About this task — Copy, exactly as written, the lines that begin at the one containing "Welcome to Lake" and end at the one containing "Capitulo 1 page 28". Skip any pictures in the data below.
——————
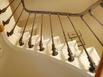 Bellerive De Bourgogne Chambres DHtes - Hotel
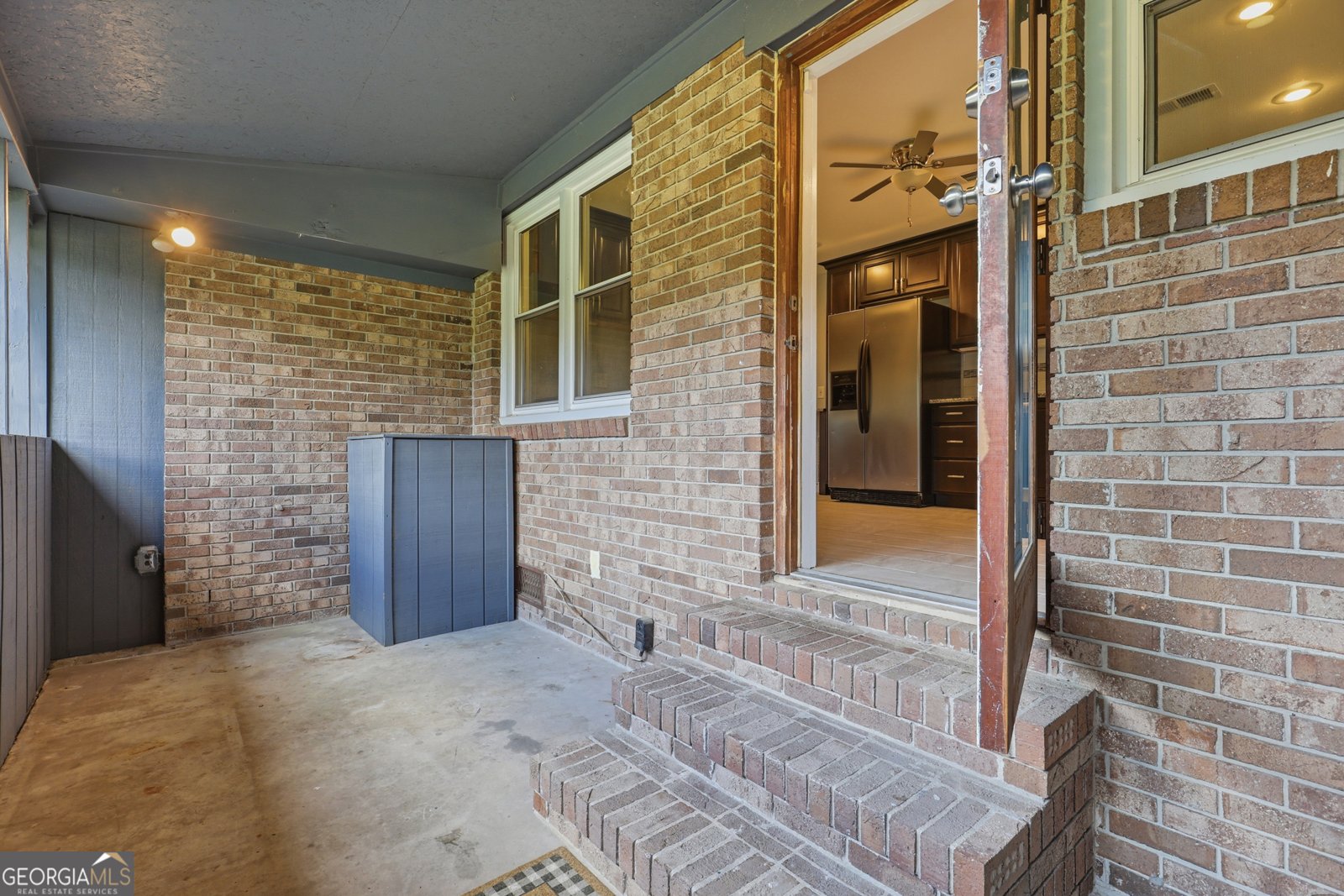 22010 Ga Highway 46 Pembroke - Photo 24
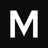 Meirra logo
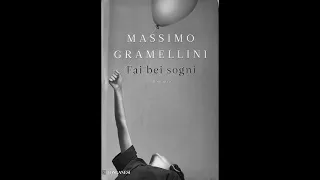 Massimo Gramellini - Fai bei sogni Audiolibro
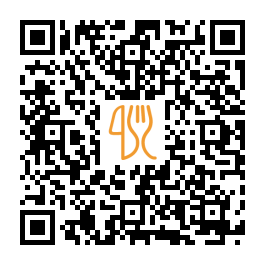 QR-code link către meniul Doon Darbar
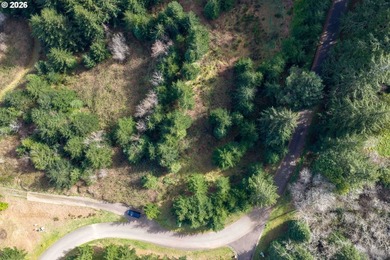 Welcome to Lake Estates, Subdivision of 2+ Acre Lots & New(er) - photo 1
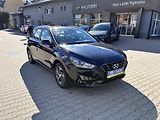 Hyundai i30 1.5DPi 81kW COMFORT ALU        - náhled 1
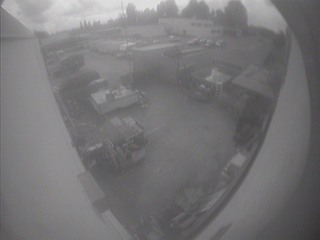 Camera 4
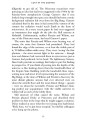 Фото A Short History Of Nearly Everything 17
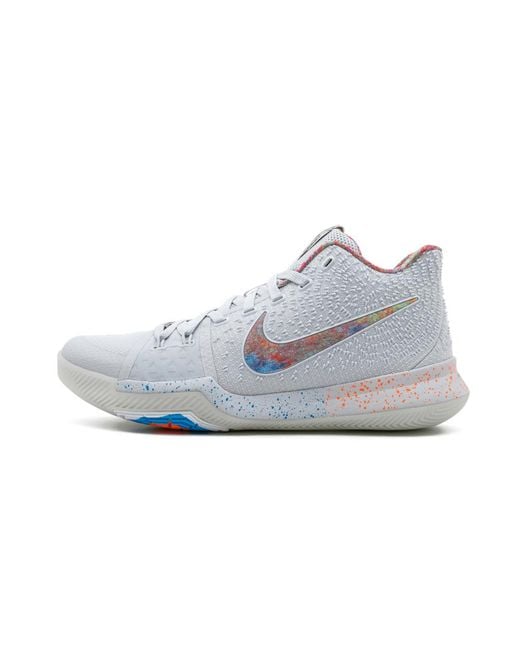 nike shoes size 3 youth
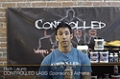Controlled Labs Orange Triad Product Video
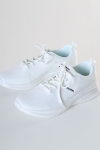 Jack & Jones Croxley Knit Sneaker Bright White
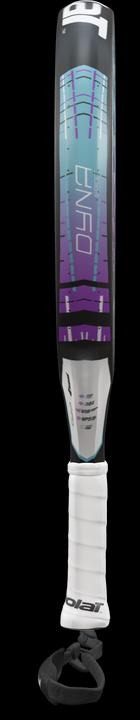 Immagine prodotto Babolat DYNA SPIRIT PADEL 2023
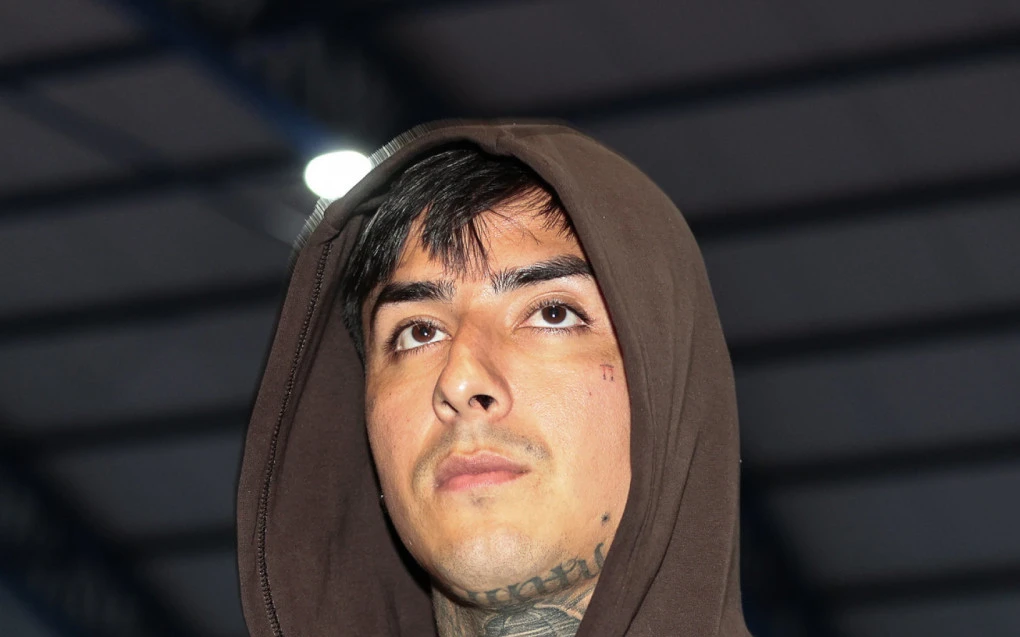 Flamengo multa Erick Pulgar após expulsão que prejudicou o time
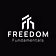 Freedom Fundamentals 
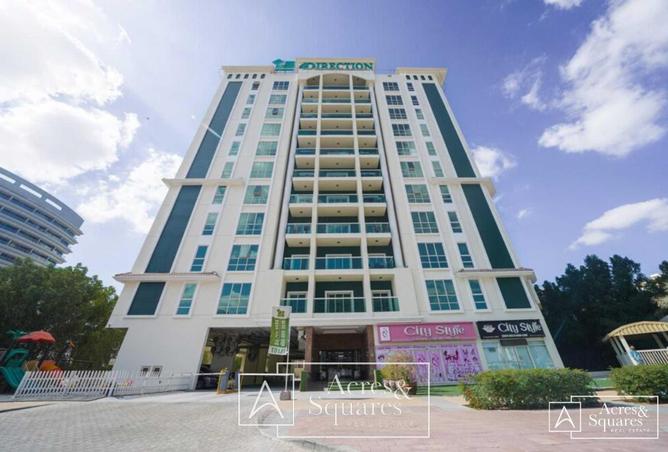 15147449 - Property Main Image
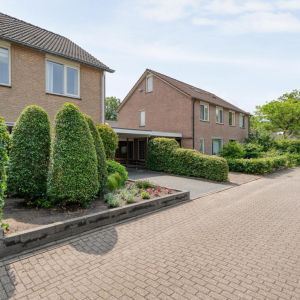 Herderstasje 52, 7772 LD Hardenberg - Foto 3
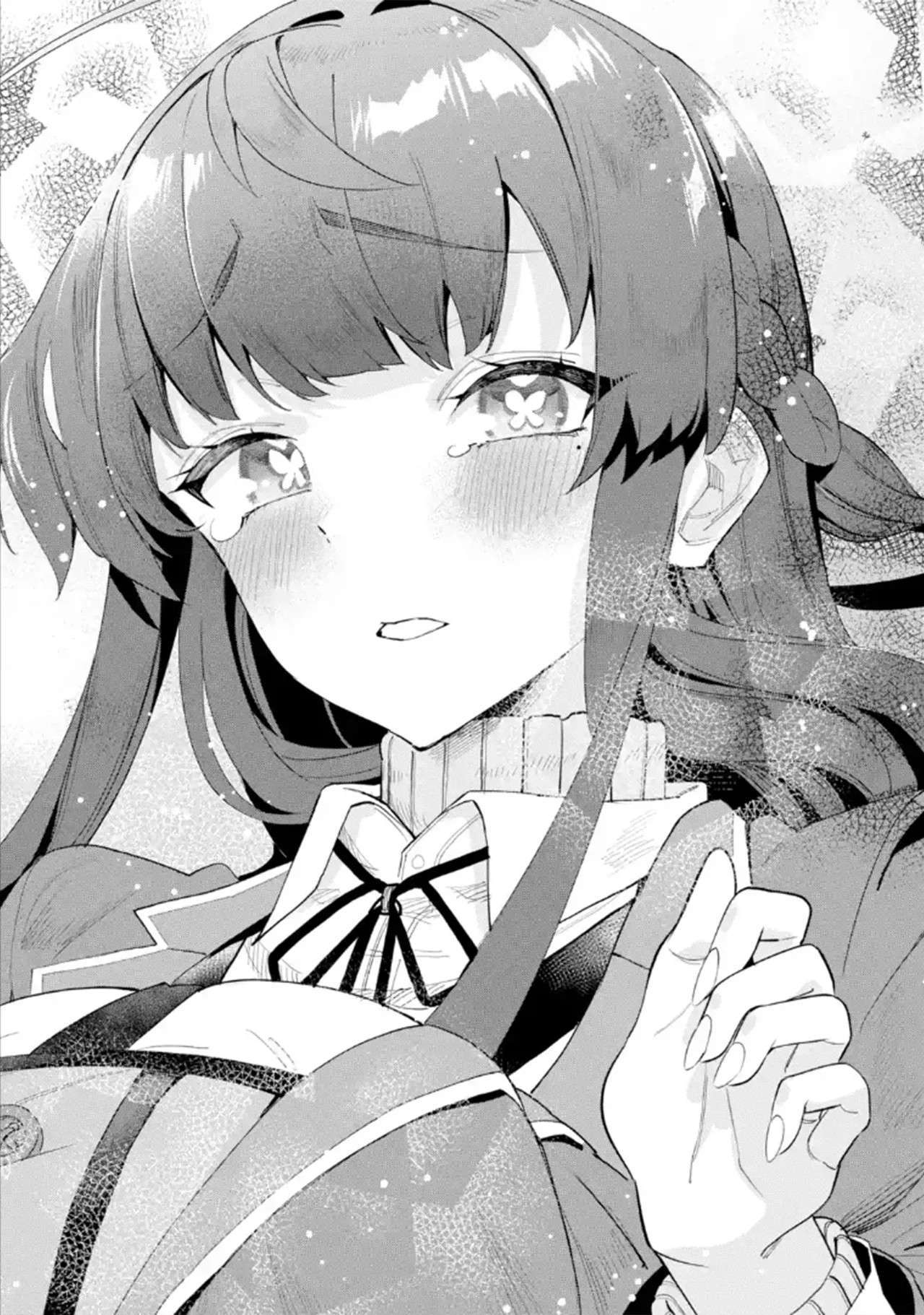 Capitulo 1 page 28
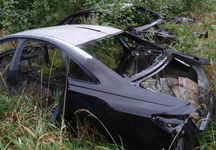 Четверть крыло Audi A8 D5, A4 B8 B9, разборка A3 8Y A5 8T 8W, A7 4G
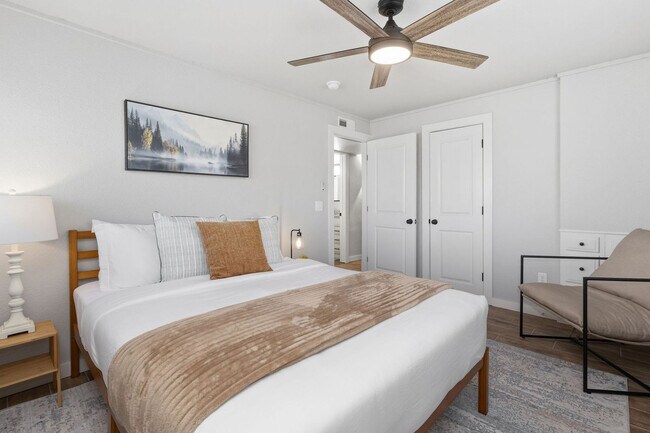 Building Photo - 6 Erith Ln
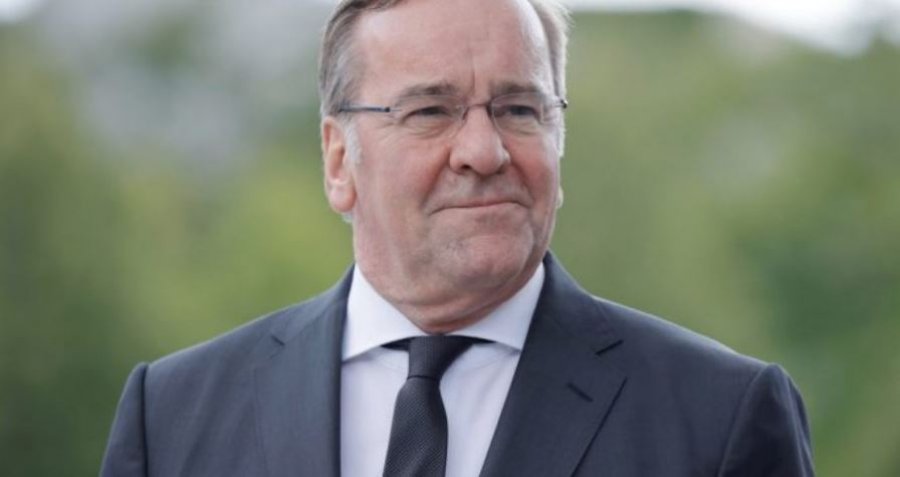 Gjermania nxit kompanitë industriale që të përfshihen në prodhimin ushtarak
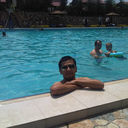  ,   IBRAQIM, 38 ,   ,   , c 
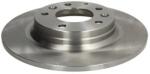 ABE Disc Frana Puntea Spate C43029Abe Mazda 323 F Vi/323 S Vi/6/626 V/Mx-5 Iii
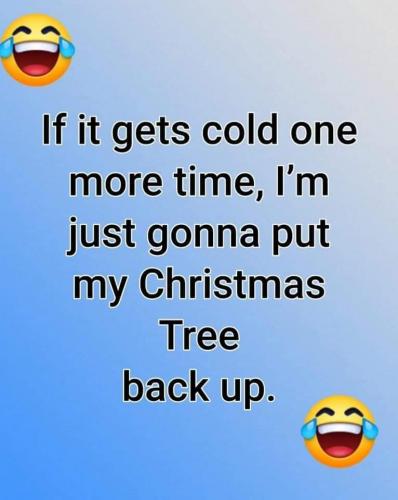 20:39:38 GMT-0400 (EDT)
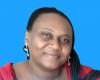 Décès de Sidonie Nati YANOGO née SAWADOGO : Partager
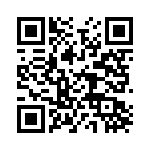 CA3106PG28-12S QRCode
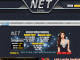 NETTOTO
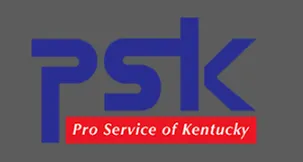 Pro Service Of Kentucky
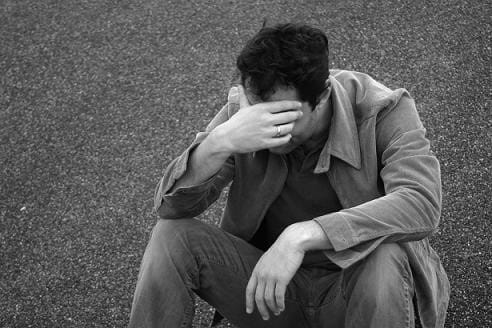 suicide BPD Community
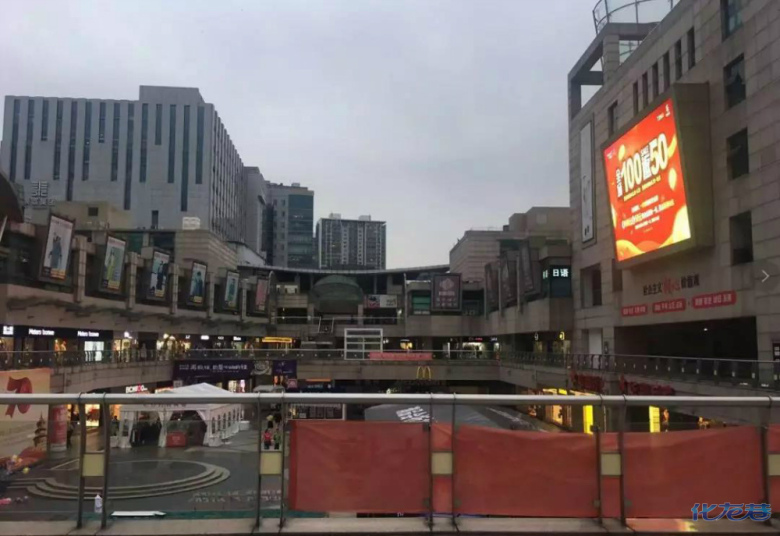 点击查看原图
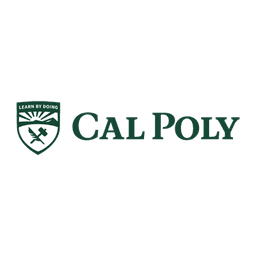 California Polytechnic State University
——————
Exercise answer —
 Welcome to Lake Estates, Subdivision of 2+ Acre Lots & New(er) - photo 1
 Hyundai i30 1.5DPi 81kW COMFORT ALU        - náhled 1
 Camera 4
 Фото A Short History Of Nearly Everything 17
 nike shoes size 3 youth
Controlled Labs Orange Triad Product Video
 Jack & Jones Croxley Knit Sneaker Bright White
 Immagine prodotto Babolat DYNA SPIRIT PADEL 2023
 Flamengo multa Erick Pulgar após expulsão que prejudicou o time
 Freedom Fundamentals 
 15147449 - Property Main Image
 Herderstasje 52, 7772 LD Hardenberg - Foto 3
 Capitulo 1 page 28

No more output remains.